Mr Cook said internet users had the right to expect privacy when using different services online, and Apple was responding to that.
Facebook, along with other internet companies, has been accused of excessively collecting personal data from users, in many cases as a way to better serve adverts.
At its developer conference on Monday, Apple unveiled Sign In With Apple, a new online tool that will enable users to log in to apps and websites using their encrypted Apple ID, rather than having to share their credentials from social sites.
“We’re not really taking a shot at anybody, we focus on the user,” he said.
“And the user wants the ability to go across numerous properties on the web without being under surveillance.
“We’re moving privacy protections forward and I actually think it’s a very reasonable request for people to make.”
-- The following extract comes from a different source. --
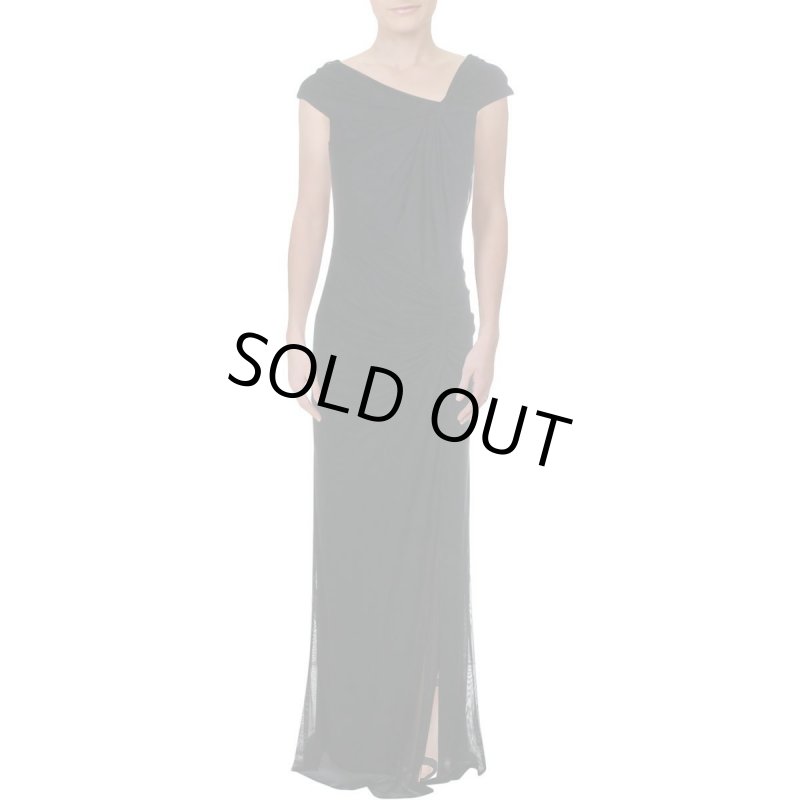 画像1: Tadashi Shoji  タダシショージ　アシンメトリックキャップスリーブドレス　ブラック (1)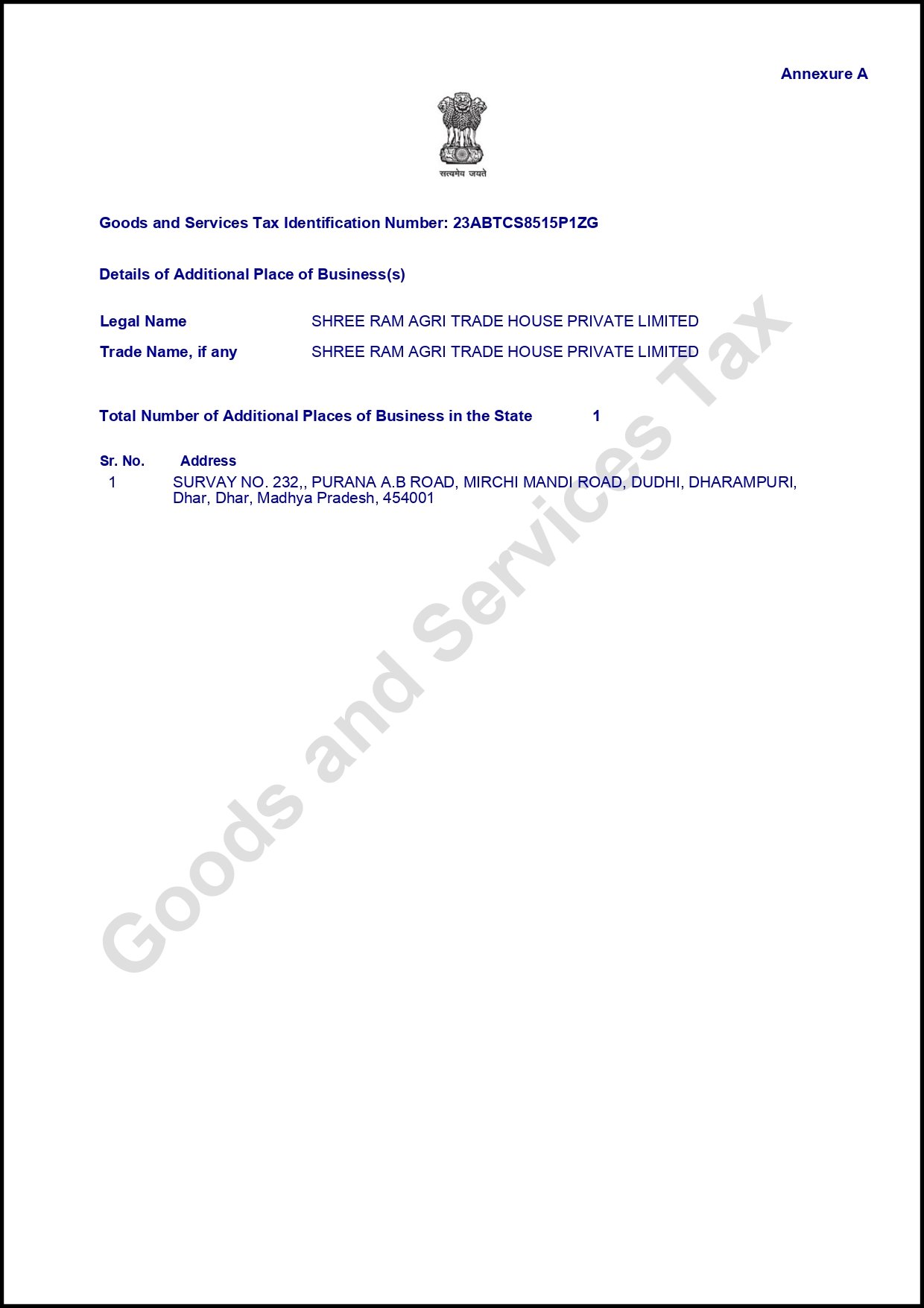 GST Annexure A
The Apple chief executive added that he thought heightened awareness of online privacy was good for democracy, as well as technology companies.
“You can imagine an environment where everyone begins to think there’s no privacy, and if there’s no privacy, your freedom of expression just plummets because now you’re going to be thinking about that everybody’s going to know every single thing that you’re doing.
“This is not good for our country. This is not good for democracy.”
The tech giant’s Worldwide Developer Conference (WWDC) also saw Apple confirm it was to replace iTunes with three apps – Music, TV and Podcasts – after 18 years of running the service.
The service will remain unchanged on Windows.
New dedicated software for the iPad – called iPadOS – was also announced, alongside the next version of iOS, iOS 13, which will include a dark mode for the first time, for use in low-light conditions.